The “free” Cossacks also appeal to Moscow for help and offer their services, but they try to gain greater autonomy, attempting to enter politics and sometimes challenging the central government. One of these successful Cossack leaders, Yuri Churekov, has vigorously advocated the creation of the Russian Stavropol Republic (Protestkom.ru, accessed January 7, 2015). In August 2014, Churekov announced his intention to establish a Cossack political party, Bratstvo (Brotherhood), and stated that the primary objective of the Cossacks is to establish the Cossack nation as an entity. The Cossack administrative subunits should be established in each of the republics and regions of the North Caucasus, according to Churekov’s plans. The Cossack leader, who is based in the city of Pyatigorsk (Stavropol Krai), also stated that his organization would cooperate with Putin’s movement Narodny Front (People’s Front), but expressed his dislike for the ruling party, United Russia. Churekov’s objectives are closely aligned with the Kremlin’s objectives in the North Caucasus, as the authorities in Moscow seek to diminish the autonomy of the republics as much as possible. However, Churekov also has aspirations that contradict Moscow’s interests. “We do not intend to serve [Moscow], but restore the Cossack nation and this is unacceptable for the current [Russian] government,” Churekov stated (Terskiykazak.livejournal.com, August 5, 2014).
The creation of a Cossack nation and republic would essentially fragment the Russian people and contribute to the real federalization of the Russian Federation, which has essentially become a unitary state under the rule of Russia’s strongman, Vladimir Putin. Naturally, such a development is feared by Moscow far more than any separatist aspirations of the North Caucasians, because it would be harder to suppress. The North Caucasus republics are also not interested in the rise of Cossack subunits on their territories. Since the North Caucasus region’s republican functionaries are well aware of Moscow’s support for the Cossacks, instead of banning Cossack organizations or putting other forms of pressure on them, they co-opt their leaders or organize parallel Cossack forces, or do both. The North Ossetian authorities created the so-called Alan Cossack Army, which has an estimated 12,000 members, mostly Ossetians; this organization even receives financing from Moscow (E–u.ru, accessed January 7, 2015). At the same time, North Ossetia’s republican authorities supported the unpopular Russian Cossack leader in the republic, Mikhail Inkavtsov, who remained in office despite strong opposition from the Cossacks (Osradio.ru, September 5, 2010).
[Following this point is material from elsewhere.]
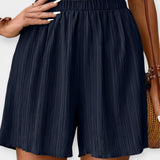 Viktoria - Stilfulde shorts med plisseringer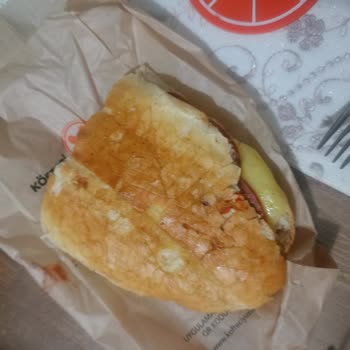 Afişte Tanıtılan Tost İle Gerçek Teslim Edilen Tost Arasındaki Büyük Fark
Cossacks exist even in predominantly Muslim Ingushetia, producing ironic questions among the Cossacks about how inclusive they can be (Kavpolit.com, December 17, 2013).
The development of Cossack organizations in the North Caucasus indicates Moscow’s willingness to use them as an imperial paramilitary force for advancing the interests of the Russian state. On the less visible side, Moscow also strives to contain the evolution of the Cossack movement from turning into an autonomous political force that could potentially challenge the authority of the central government in Moscow. Through supporting quasi-Cossack groups in the republics of the North Caucasus, Moscow is essentially paving the way for the creation of proto-armies in these republics.